URL: post/language Meta description: Your everyday phrases can train your nervous system to brace. Learn how language links to chronic pain patterns—and try a simple NeuroSomatic Therapy practice using Awareness + Variation for relief.

Author: Joana Talafré

If you’ve ever said, “I’m fed up,” “It’s a pain in the neck,” or “I’m carrying everything,” your body may have done something before you even noticed.

Not as a metaphor.

As a movement.

That’s the part most people miss: language isn’t only describing your experience—it can cue your nervous system to rehearse the very protection pattern you’re trying to get out of. Over time, those micro-rehearsals can stabilize bracing (neck, shoulders, jaw, belly, breath) and keep chronic pain feeling stubbornly “normal.”

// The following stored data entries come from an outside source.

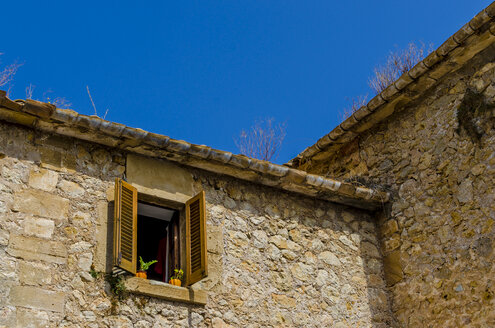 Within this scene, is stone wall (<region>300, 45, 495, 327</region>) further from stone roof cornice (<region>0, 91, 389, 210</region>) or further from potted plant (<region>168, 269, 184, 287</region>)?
potted plant (<region>168, 269, 184, 287</region>)

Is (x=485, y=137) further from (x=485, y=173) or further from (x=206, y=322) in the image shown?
(x=206, y=322)

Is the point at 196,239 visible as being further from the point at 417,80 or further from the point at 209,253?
the point at 417,80

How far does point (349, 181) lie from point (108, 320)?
12.7 feet

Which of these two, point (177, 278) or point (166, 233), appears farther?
point (166, 233)

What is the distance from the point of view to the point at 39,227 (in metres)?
6.15

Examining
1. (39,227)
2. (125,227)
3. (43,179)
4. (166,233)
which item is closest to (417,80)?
(166,233)

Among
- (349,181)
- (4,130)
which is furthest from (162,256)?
(349,181)

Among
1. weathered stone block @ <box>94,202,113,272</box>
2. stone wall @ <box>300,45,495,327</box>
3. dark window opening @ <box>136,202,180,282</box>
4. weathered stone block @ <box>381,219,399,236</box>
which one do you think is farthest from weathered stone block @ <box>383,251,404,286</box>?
weathered stone block @ <box>94,202,113,272</box>

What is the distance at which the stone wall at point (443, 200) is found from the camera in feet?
23.2

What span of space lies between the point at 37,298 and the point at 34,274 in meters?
→ 0.23

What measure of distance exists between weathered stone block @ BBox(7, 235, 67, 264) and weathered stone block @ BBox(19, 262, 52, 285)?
8 centimetres

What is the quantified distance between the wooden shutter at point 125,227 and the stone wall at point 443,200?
125 inches

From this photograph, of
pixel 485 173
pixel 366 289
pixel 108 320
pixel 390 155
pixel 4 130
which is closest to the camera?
pixel 108 320

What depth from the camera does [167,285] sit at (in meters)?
6.48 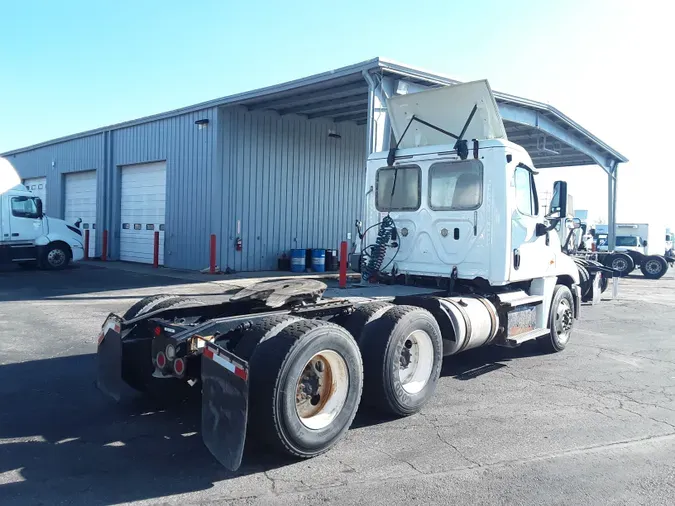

The science: why words can land in the body

A few research threads help explain why this happens:

Put simply: your nervous system learns by repetition. And words can be part of the repetition.

What I see in NeuroSomatic Therapy sessions

Clients are often genuinely surprised by how precise the body response is.

Someone says: “It’s a pain in the neck.” Their neck shortens. Their shoulders hike. Their eyes harden. Their breath goes quiet.

Someone says: “I can’t stomach it.” Belly tightens. The diaphragm gets less mobile. Breathing climbs into the chest.

Someone says: “I’m carrying everyone.” Upper back braces. Rib cage stiffens. Jaw sets.

The words are true. They’re also a cue—like pressing “play” on a well-learned nervous system playlist.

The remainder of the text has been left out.